I thought this over. “But if we both know, there’s no point in letting us both live. And you indicated to him that I remember more of the map than you do.”

“Exactly,” he said, his jaw rigid.

I tripped over a bush as I understood what he intended. “You want him to kill you instead of me if it comes to it,” I said, hardly managing to keep my voice down.

He shrugged. “It won’t come to that. I won’t let it,” he promised.

“But if it does,” I persisted, “you made the choice for him. He’ll kill you and spare me.”

“Only until he discovers you don’t have the faintest idea of where you’re going,” he warned. “So mind you make it look convincing. Now, hush before he decides we’re plotting against him and kills me for sport.”

I bit off my reply and stumbled ahead, hardly aware of putting one foot in front of the other. I wouldn’t have believed him capable of it, but not only had Sebastian thought with lightning speed on his feet, he had ensured with the lie that if one of us were killed, it wouldn’t be me. It was the most heroic act of sacrifice I had ever seen, and my eyes burned with unshed tears.

“God, don’t get sentimental,” he hissed.

“I can’t help it,” I whispered back. “It’s so brave, so—”

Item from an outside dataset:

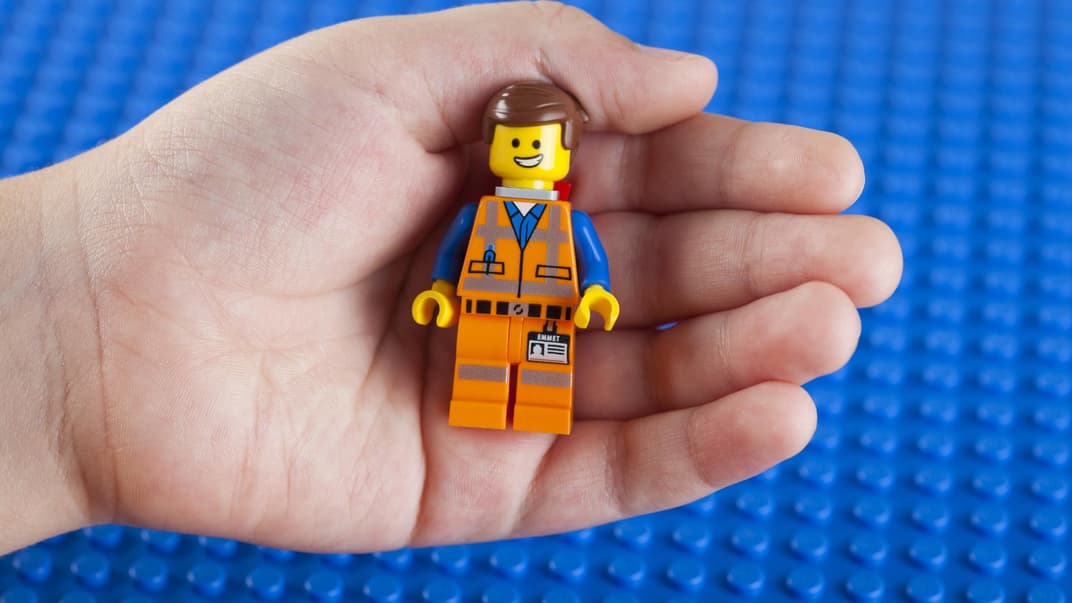 Lego-Figur in einer Kinderhand.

He swore at me then, and I lapsed back into silence, the tears drying up as fast as they had come. He was the most maddening creature I had ever met, I decided. He made what might prove to be the ultimate sacrifice for me with one breath and cursed at me with the next. I squared my shoulders and stomped on, leading the way with absolute conviction. It was only when I’d covered another half mile that I realised pricking my temper had been another of his clever tricks. If I was angry, I hadn’t the time to be frightened or overly emotional, either of which could be fatal in our current predicament. I thought of my Aunt Julia then, and her penchant for confronting murderers without adequately thinking things through, and I cursed my impetuous March blood.

We walked another few hours, stopping occasionally for water, and it was on one of these stops, while Faruq worked a stone out of his horse’s shoe that Sebastian caught my gaze and flicked a quick glance to the horizon. I looked to see that Faruq was still occupied, then peered into the distance. There was a slight smudging of the horizon, a blurring of the line between earth and sky that could mean only one thing. We were being followed.

I felt a rush of confidence then, and as soon as we had drunk our water, I set off again, but this time I held the pace as slow as I dared. Faruq fussed a little, but his horse seemed perfectly content to amble along, and Sebastian said nothing. I understood he didn’t dare add to the delay to give our pursuers time to catch up, but he was careful not to move faster than I did. He didn’t look back, but once he tripped over a bush and I saw him dart a quick glance under his arm as he righted himself. Faruq did not notice, but merely clucked his tongue in irritation, urging us forward.

“I say, it’s getting a bit warmish,” Sebastian said finally. “How about another drink?”

Faruq sighed, checking his horse. “You are worse than the woman,” he told Sebastian, but he was unwilling to let either of us collapse on the walk. That would have meant either shooting us on the spot or sharing his horse, and he didn’t seem keen to do either for the moment. Sebastian drank deeply from the goatskin then ignored Faruq’s outstretched hand and passed it to me. I drank my share, darting a quick glance to the horizon. At the last second, Faruq noticed the direction of my gaze, and Sebastian lifted his bound hands.

“There!” he proclaimed.

Faruq turned to look where he pointed, in the opposite direction of our pursuers.

“That is where the map leads,” Sebastian told him firmly. Ahead of us there was a ridge, and atop the ridge stood a square Crusader castle, crumbling to ruin.

“Isn’t there a single building in this bloody country still standing?” I muttered.